Once you are comfortable with the main three (as I like to call them) then the logical leap would be server-side programming with PHP, Python, Ruby, etc.Your strength in the core browser API's will make these languages a cinch (sort of, they are all college level languages to learn). There is no hurry or race to get to this level. Stay grounded and focus on the prize: the user interface.
What's next for me?
Well, congratulations on completing the course!. I just did too, and now I'm looking to to the future. Here are some thoughts on the course:
- Covered a lot of different functions, tools etc
(These will be great to build on!)
- Plenty of support (thanks to everyone who was patient with us all on forums!
- Lots of hints to help when stuck!
- Seems like a lot was math based!
(I understand the value of math, but it hurt my head LOL)
- Some parts of the course were worded in a confusing way.
So, what's next?
I'm planning on improving, building on what i know!
- I'm going to do this by
- Reviewing the course again for parts i struggled on
- Working through HTML and CSS again
- Working through the "Build a..Projects
If you've read this far, thank you. Thanks to CodeAcademy staff for providing us the education :) , good luck everyone and enjoy coding!

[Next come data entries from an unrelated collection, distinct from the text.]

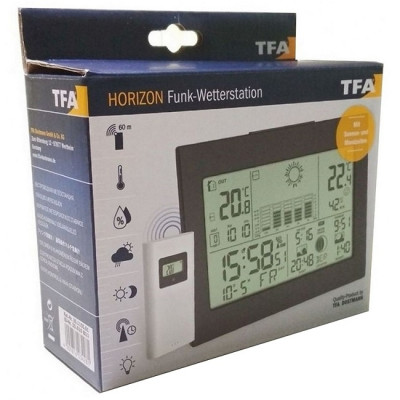 Метеостанція TFA Horizon 35115501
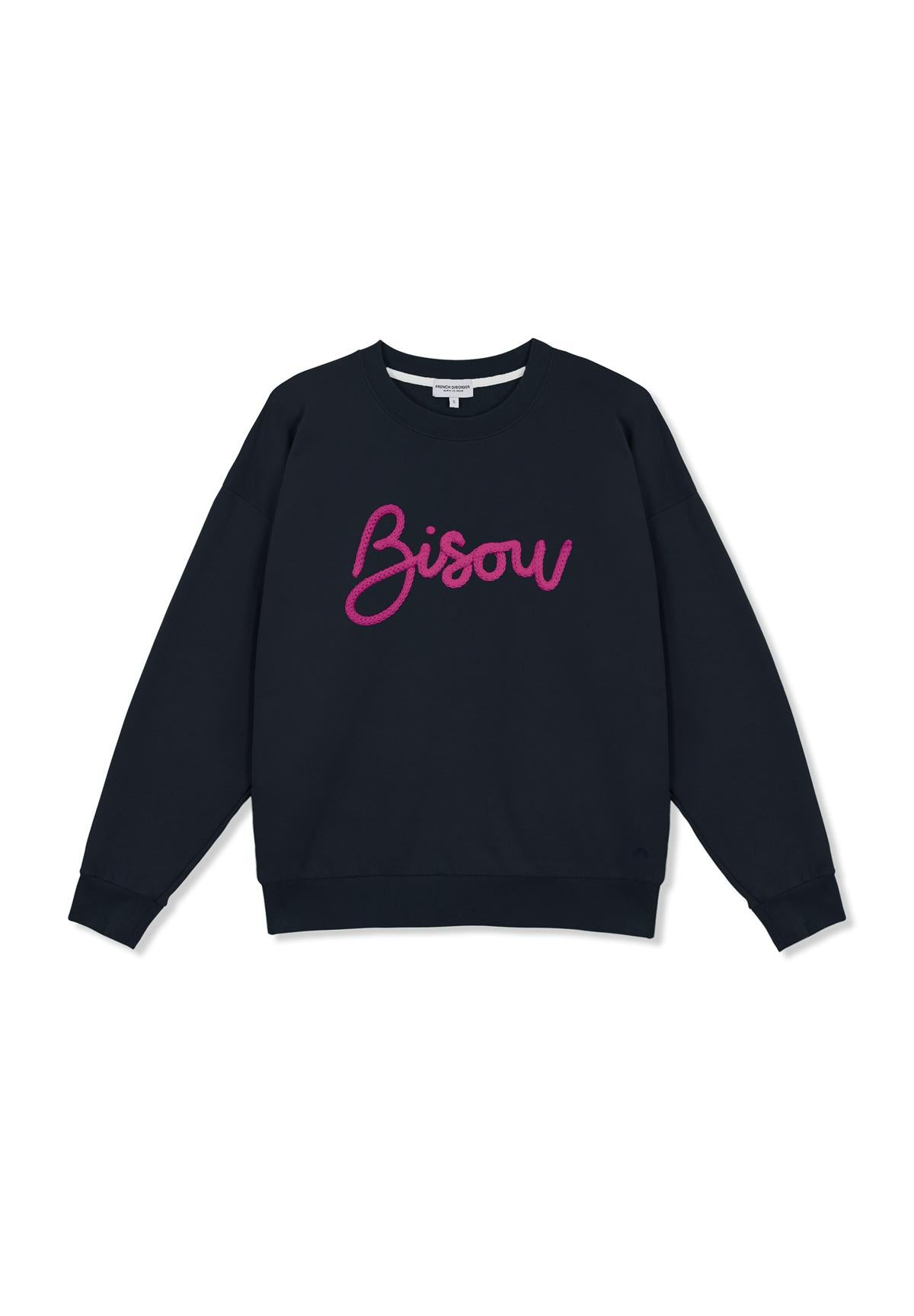 Sweatshirt Max BISOU Navy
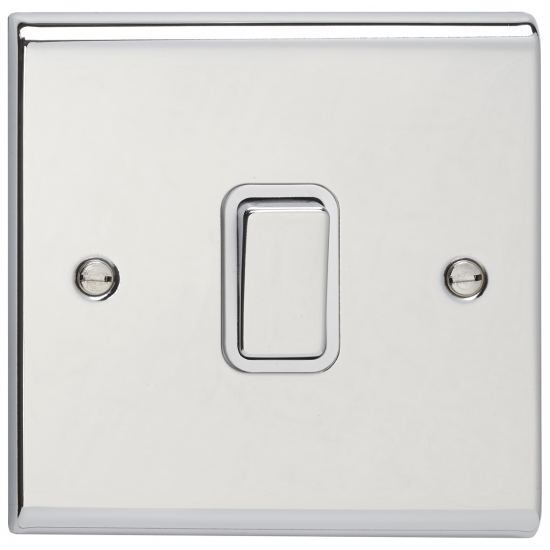 10A 1G 2W PLATE SWITCH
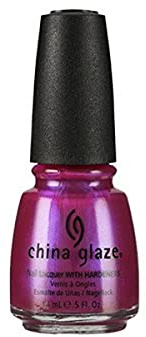 China Glaze Caribbean Temptation Nail Polish 14ml
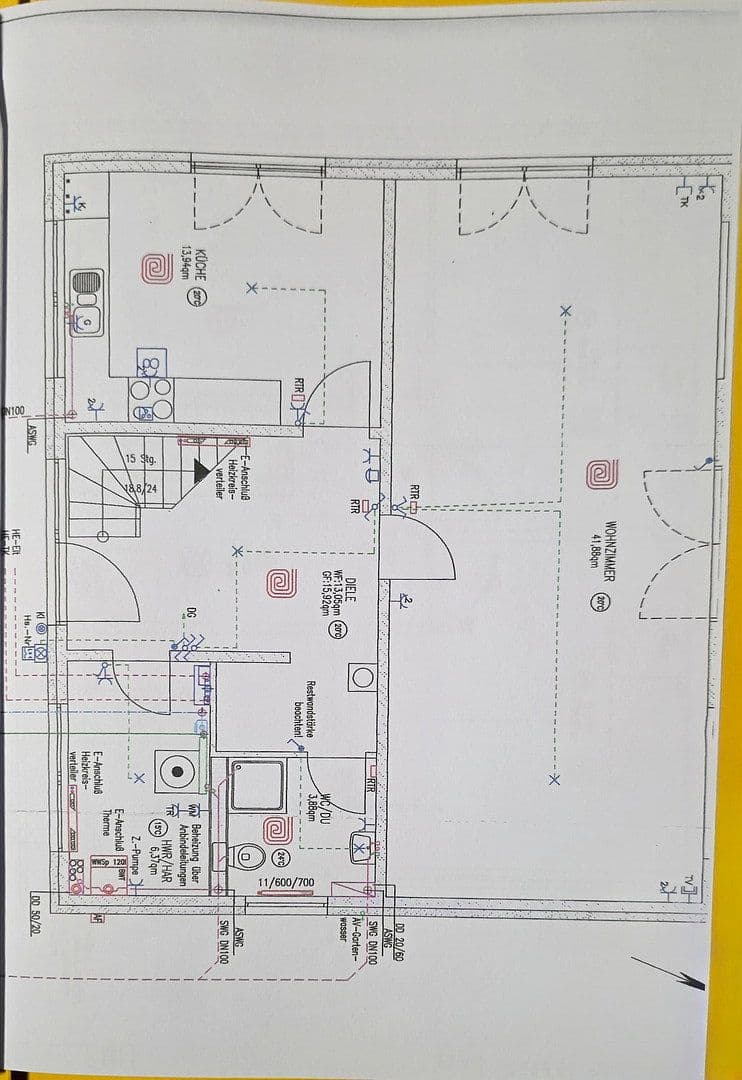 Prenájom domu 144 m², pozemek 500 m², Berlin, Berlín Prenájom domu 144 m², pozemek 500 m², Berlin, Berlín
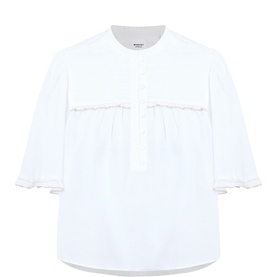 Douna Embroidered Blouse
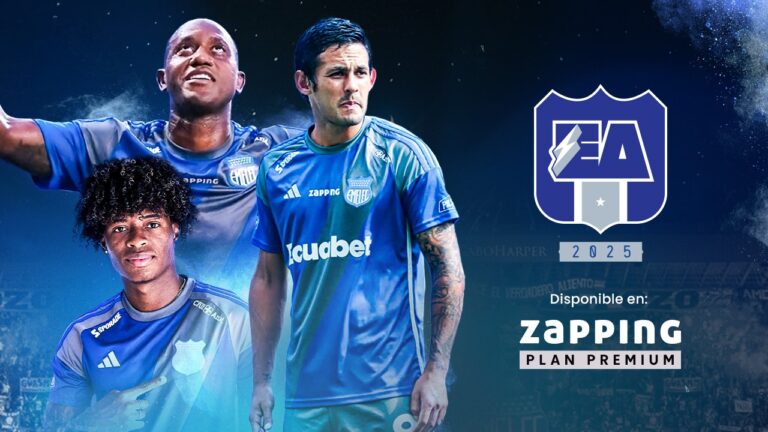¡IMPERDIBLE! Explosión Azul, Super Bowl y Copa Libertadores en Zapping
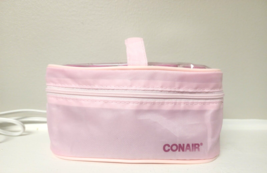 Conair Instant Heat Compact Hot Roller Set of 10 with clips - Tested - w... - $14.84
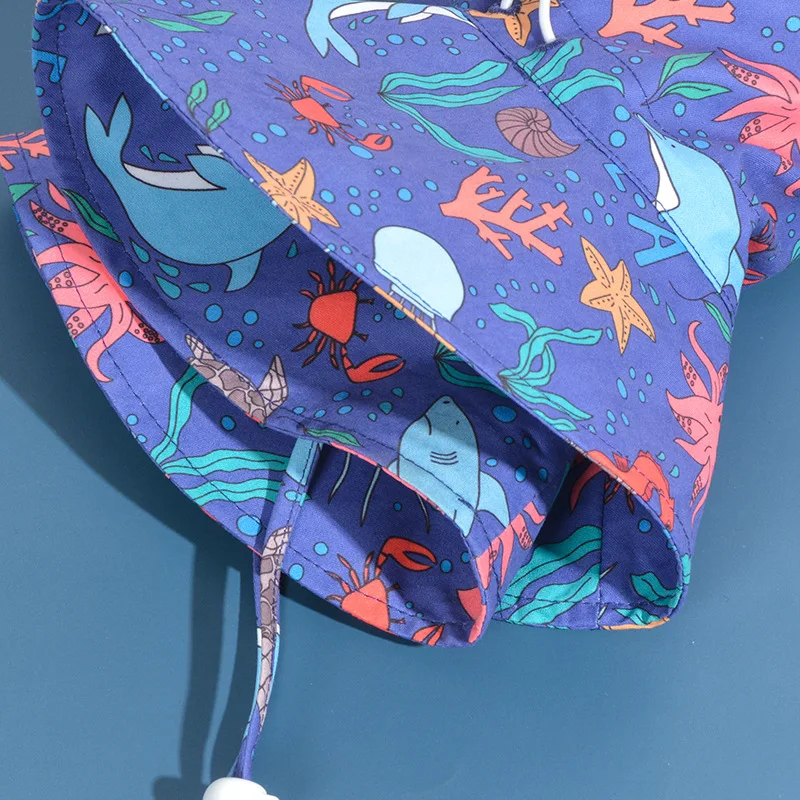

Kids Sun Hat Sun Protection Cap Bucket Outdoor Summer Beach Play Hat Kids Outdoor Summer Beach Play Hat for Girl Boy Sun Hat Cap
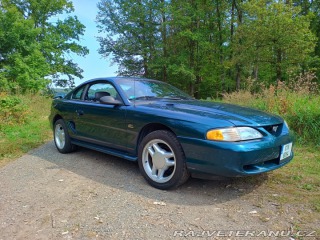 Ford Mustang GT 1993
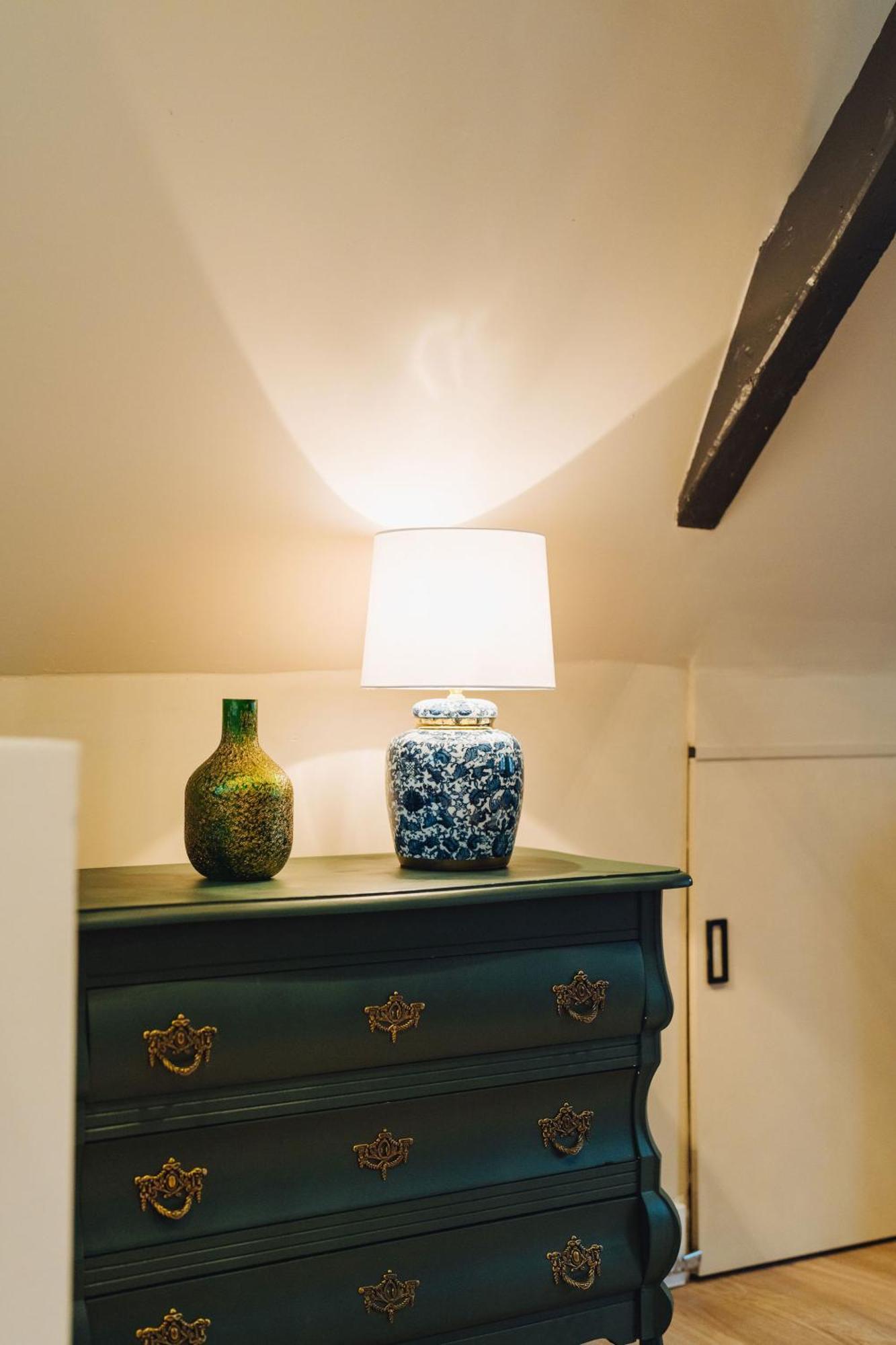 Lok Historics Luxury Art-Inspired Loft In Historic City Centre! Haarlem Luaran gambar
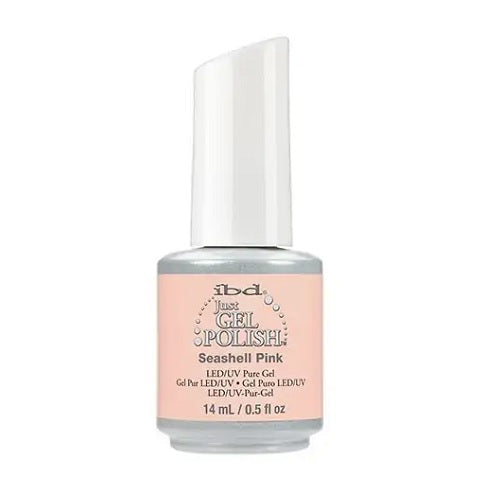 IBD Just Gel Seashell Pink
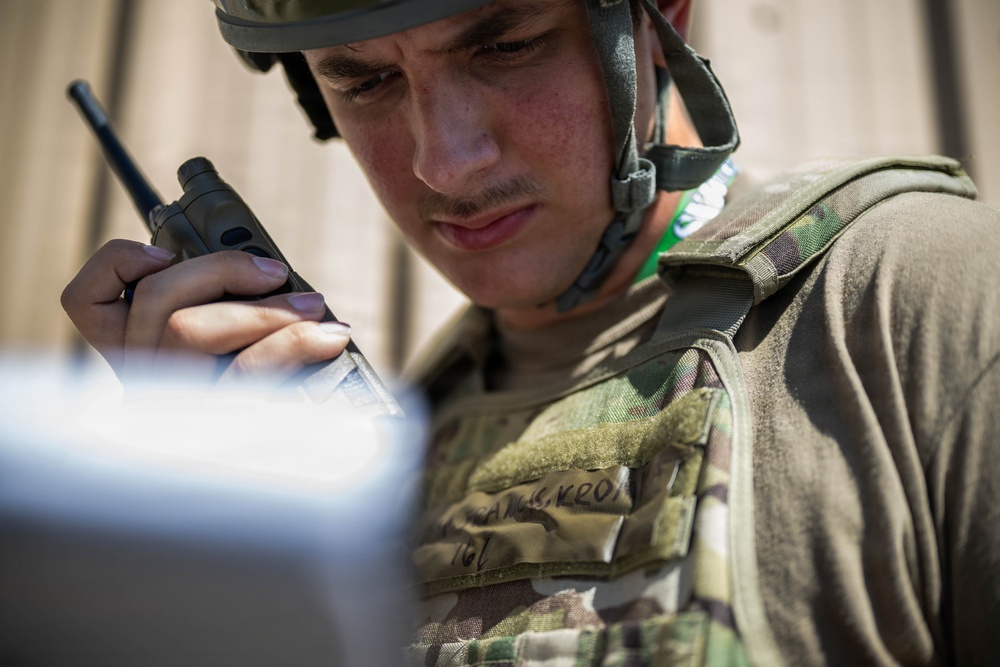 325th MXS and 95th FGS strengthen mission readiness during Noble Panther 26-4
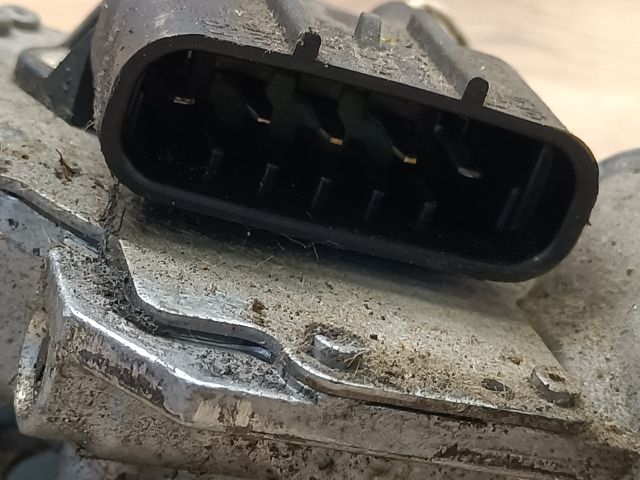 bontott OPEL CORSA C Első Ablaktörlő Szerkezet Motorral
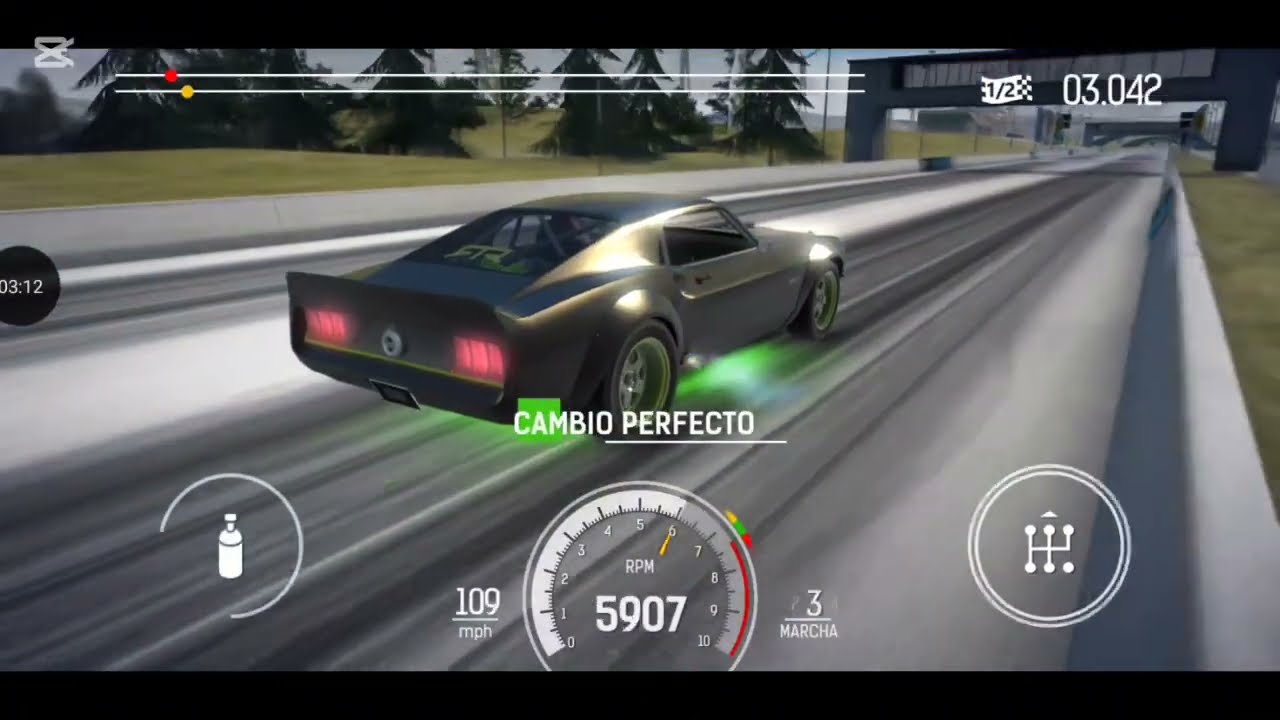 Ford mustang RTR-X vs nom.evento part 1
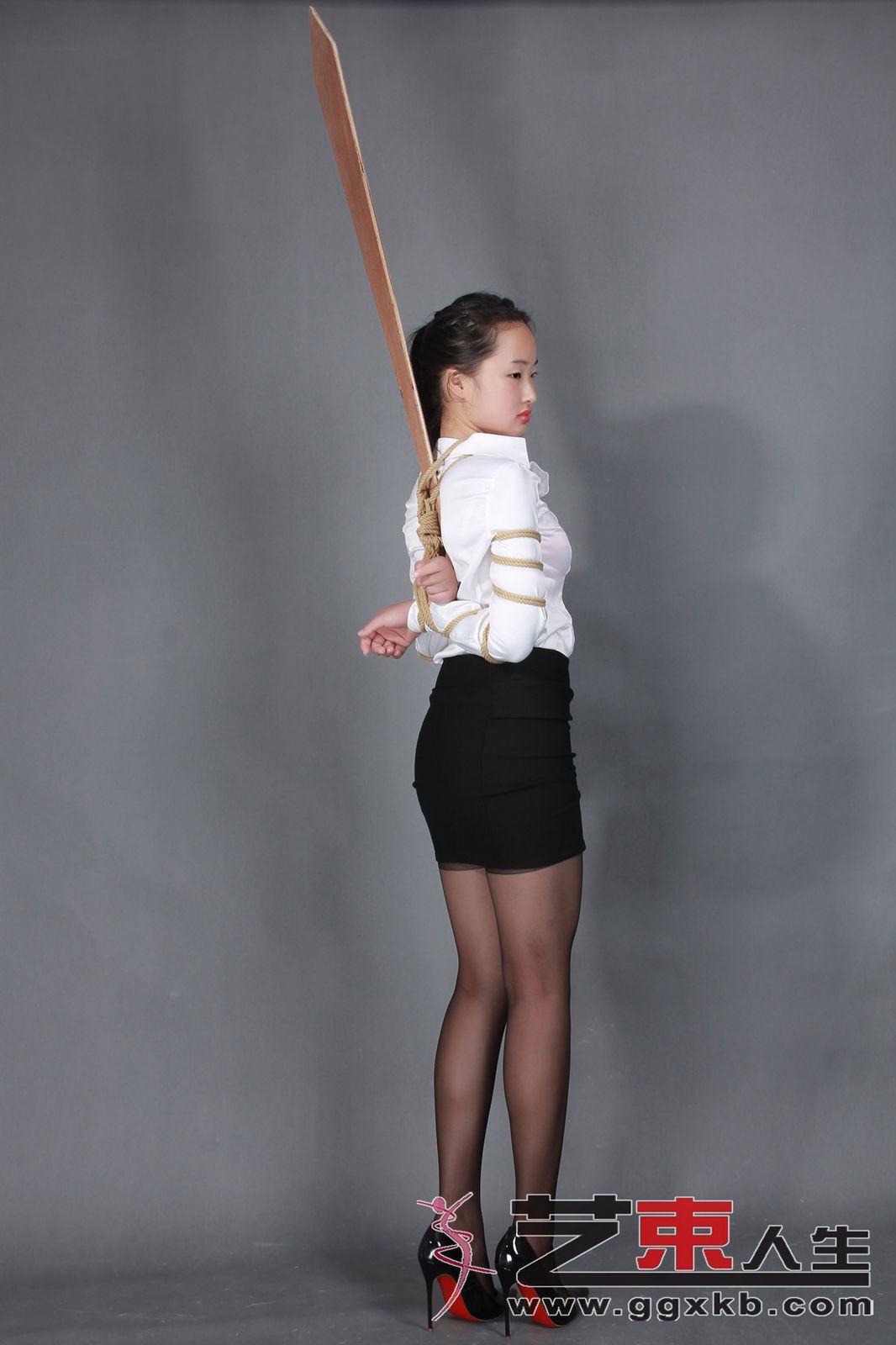 Chinese Art Rope Life 22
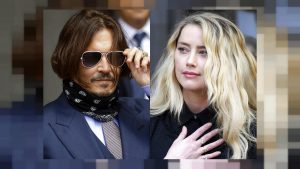 Johnny Depp gana el juicio por difamación contra Amber Heard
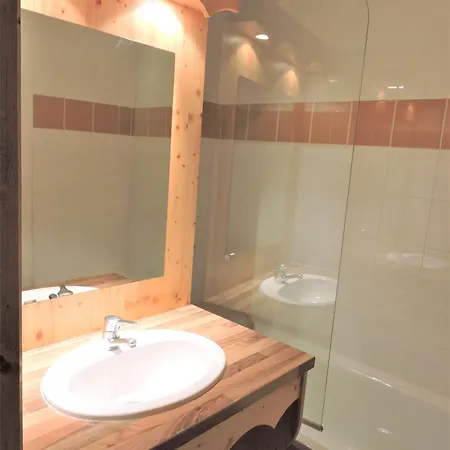 Apartmán Hameau 1 303 - & Piscine 6 Pers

Excellent advice. Thank you. Can I switch to a second gear in this language in CodeCademy?
HTML5 gives us the canvas and audio/video capability. The sky is the limit once you start coding for graphics. It can get heavy real fast, though, so drill on the basics, and don't lose sight of them. Khan Academy has a decent vanilla JS module, as well as a graphics programming module (that uses the canvas).
I've been some Udacity classes on web dev and they are very good with projects. The courses are free for those who don't want direct instructor support or a certificate. If you can get along with the help of other colleagues and don't want a certificate, I suggest you go for the front-end web developer course at Udacity.